Wolfgang Hohlbein, am 15. August 1953 in Weimar geboren, lebt mit seiner Frau Heike und seinen sechs Kindern, umgeben von einer Schar Katzen, Hunde und anderer Haustiere, in der Nähe von Neuss. Mitte der fünfziger Jahre kam Hohlbeins Familie in den Westen und schlug ihr Domizil in Krefeld auf. In Krefeld absolvierte Wolfgang Hohlbein seine Schule und später eine Ausbildung zum Industriekaufmann. Zeitweise hielt er sich durch Nebenjobs, wie etwa als Nachtwächter, über Wasser.Wolfgang Hohlbein ist ein Erzähler, es reizt ihn nicht nur die Lust am Fabulieren, sondern auch das freie Spiel mit ungewöhnlichen Ideen und fantastischen Einfällen.
Er ist ein Workaholic, der in der Zeit von Mitternacht bis in die frühen Morgenstunden arbeitet. Sieben Tage in der Woche legt er selbst in seinen seltenen Urlauben kaum den Stift aus der Hand. "So ist das eben, wenn man das große Glück hat, aus seinem Hobby einen Beruf machen zu können", bemerkt er selbst dazu.

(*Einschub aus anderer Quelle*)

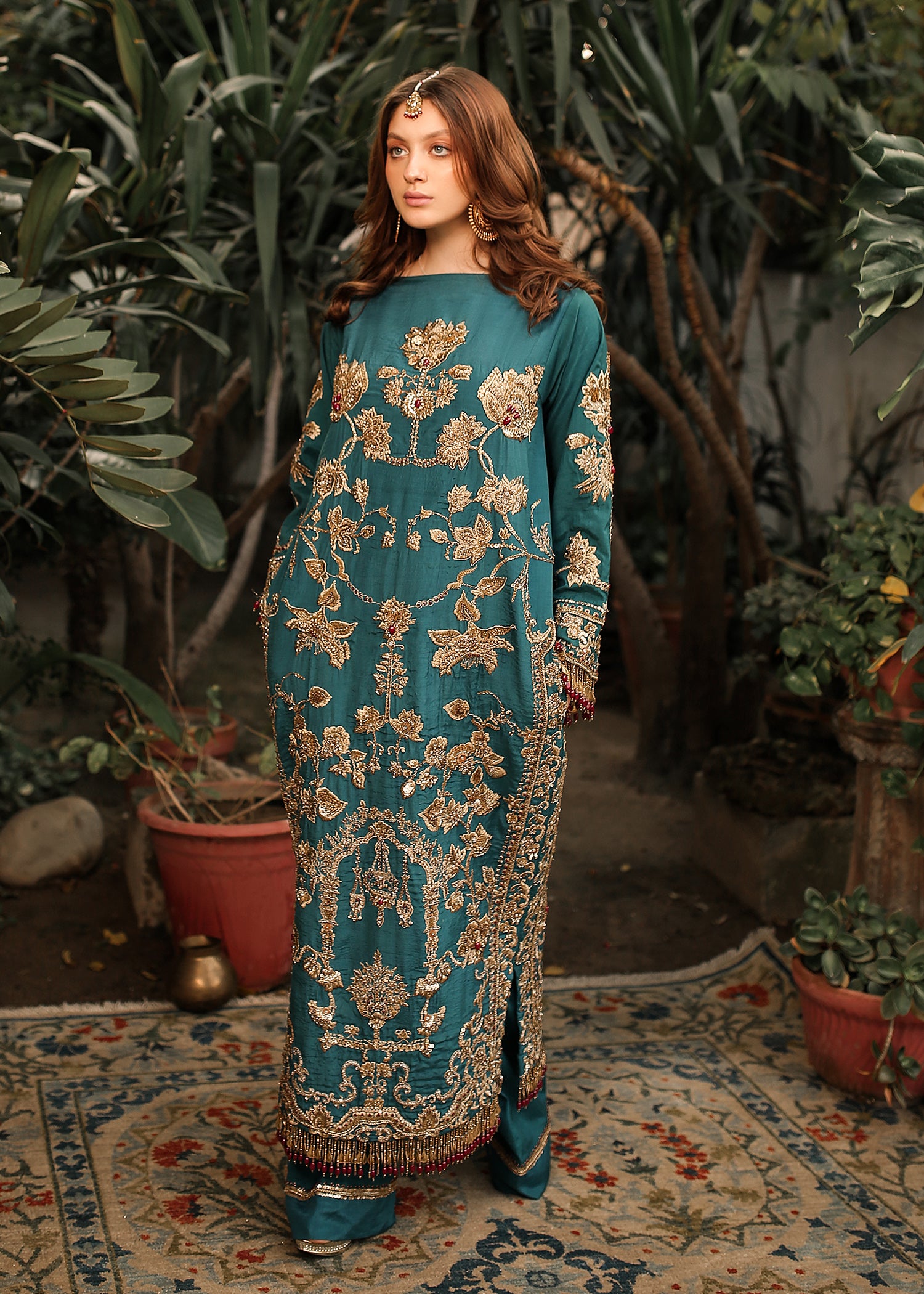 Pakistani Persian Turquoise Embroidered Raw Silk Salwar Kameez (3-Piece) - Image 5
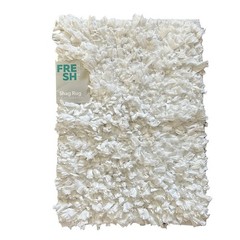 White Shag Rug 17”x24” New Shaggy Cotton Chindi Mat Soft Textured Bath Any Room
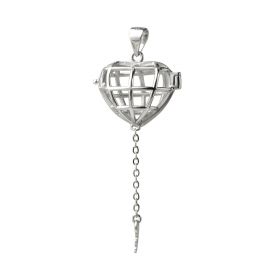 925 Sterling Silver Love Wish Pearl Locket Pendant Hollow Heart Stylish Design Cage with Dangle Key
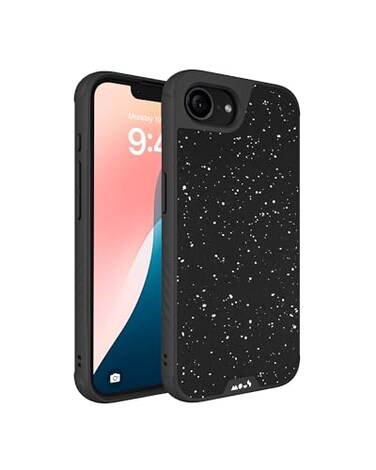 Mous for iPhone 17e iPhone 16e Case 2025 MagSafe Compatible Limitless 60 Black Speckled Fabric Protective Shockproof Phone Cover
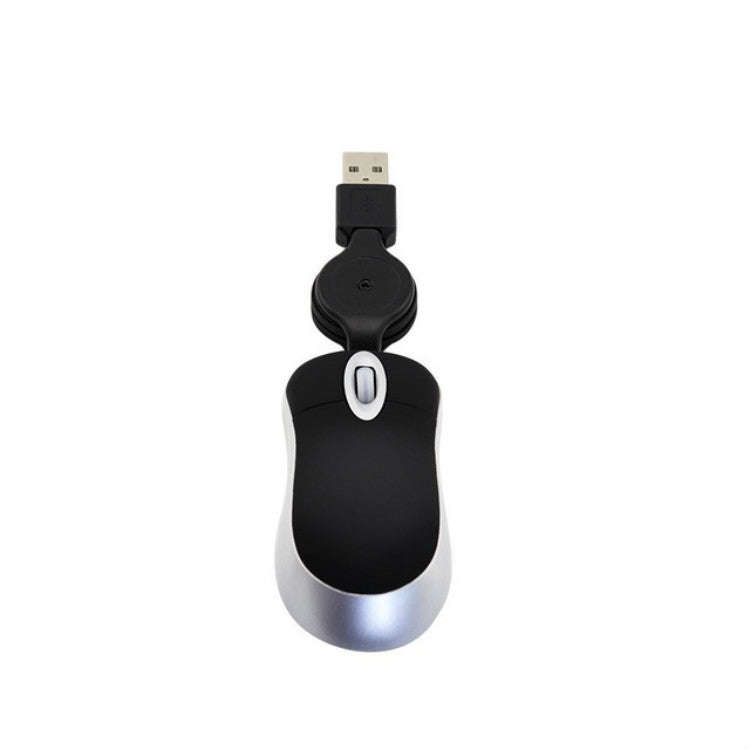 Mini Computer Mouse Retractable USB Cable Optical Ergonomic1600 DPI Portable Small Mice for Lapto...
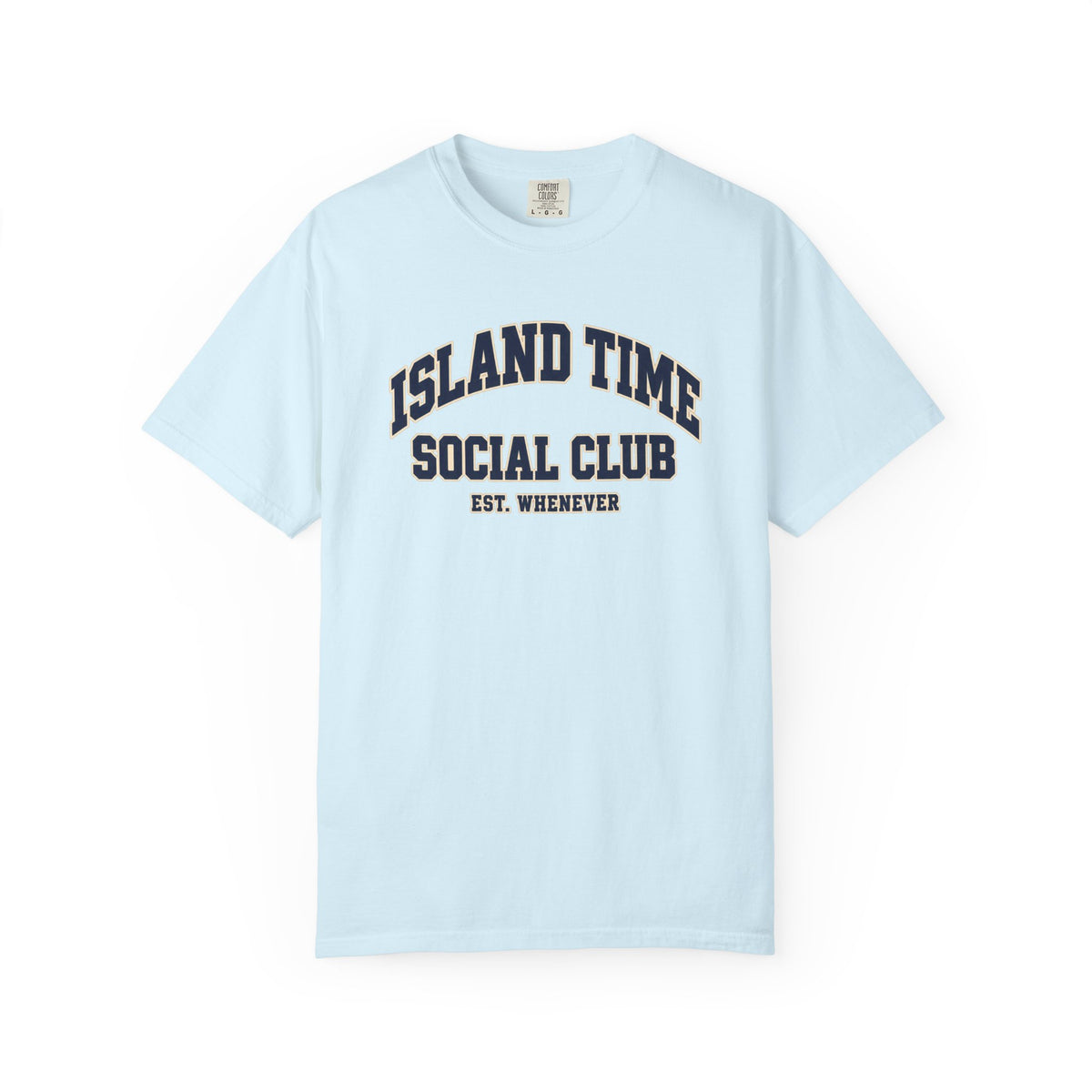 Island Time Social Club Tee | Est. Whenever | Varsity Beach T-Shirt | Comfort Colors Vacation Shirt
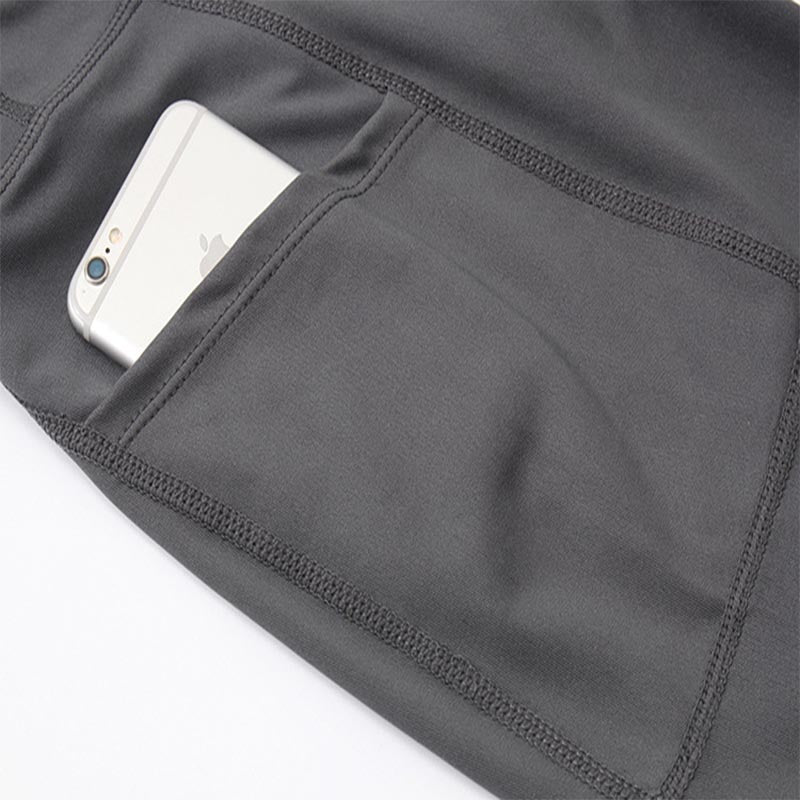 Women Yoga Shorts With Pocket High Waist Fitness Running Leggings Sports Quick Drying Tight Pants 2048-Gray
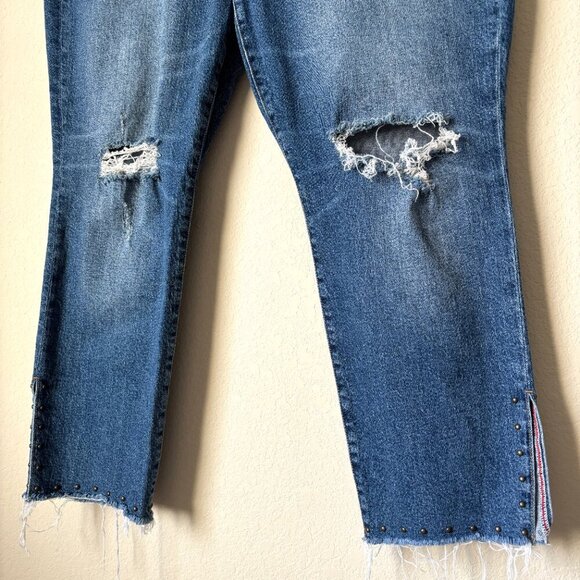 Torrid 18R Straight Classic Denim High-Rise Studded Jeans - Picture 8 of 13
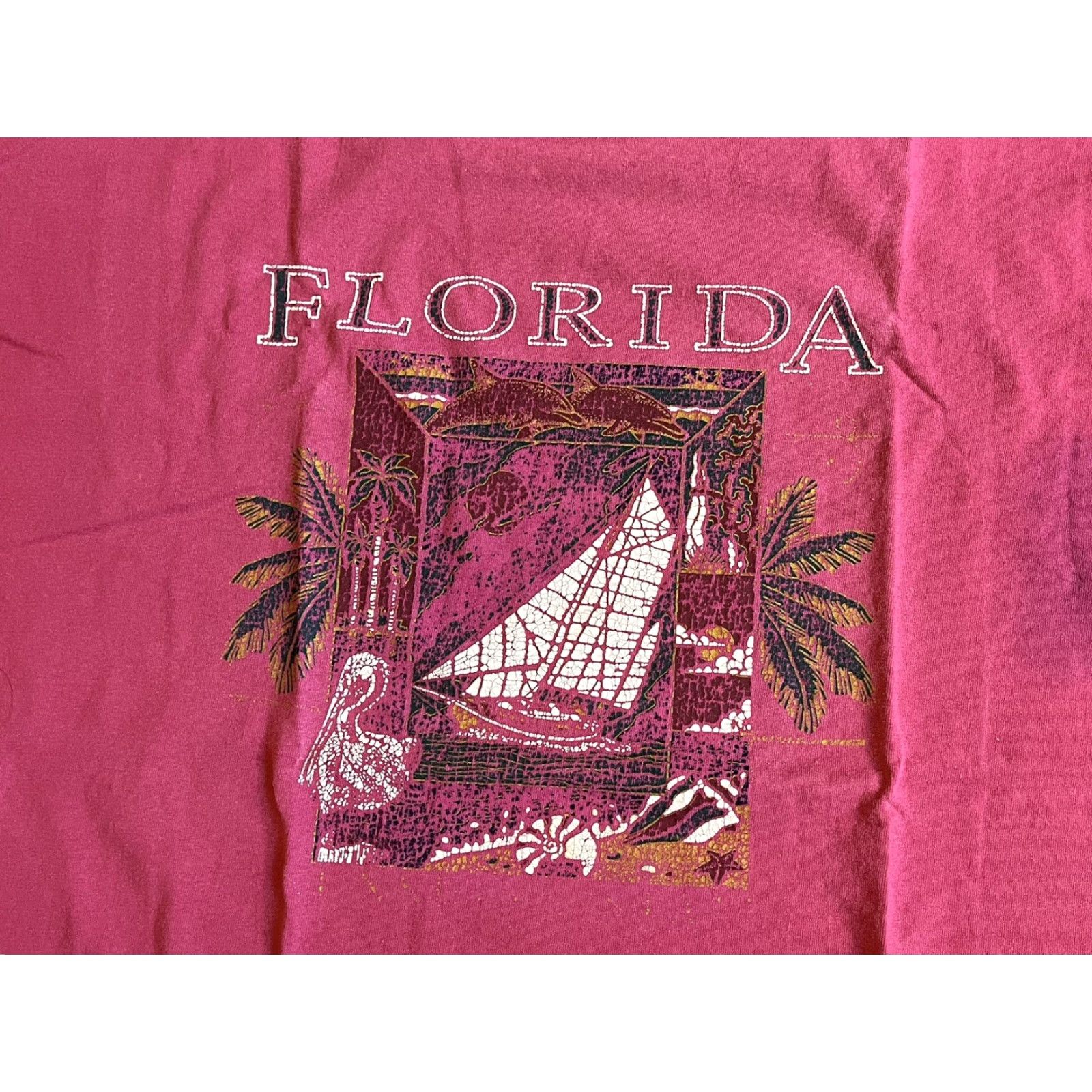 Vintage VINTAGE Florida Shirt Men’s XL Red 90s Graphic Print Logo Cotton Jersey Short Sleeve Crew Neck USA Varsity Excellence Men’s T-Shirt Size US XL / EU 56 / 4 - 3 Thumbnail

Laut einer Aufstellung in Focus (Nr. 40, November 2006) liegt die Gesamtauflage von Wolfgang Hohlbein bei 35 Millionen Exemplaren. Er ist damit "einer der erfolgreichsten deutschen Autoren der Gegenwart". Der Wegbereiter neuer deutscher Phantastik und Fantasy wurde bislang in 34 Sprachen übersetzt. Er hat bereits 160 Romane verfasst, den überwiegenden Teil alleine, etliche Kinder- und Jugendbücher gemeinsam mit seiner Frau Heike und einige wenige Erwachsenenromane mit Co-Autoren.
Zahlreiche Preise und Auszeichnungen hat Wolfgang Hohlbein erhalten. Vom "Preis der Leseratten" 1983 bis zum "Bester Autor National" Deutscher Phantastik-Preis 2004, dem "Sondermann-Preis" auf der Buchmesse 2005 und dem "Nyctalus" im November 2005.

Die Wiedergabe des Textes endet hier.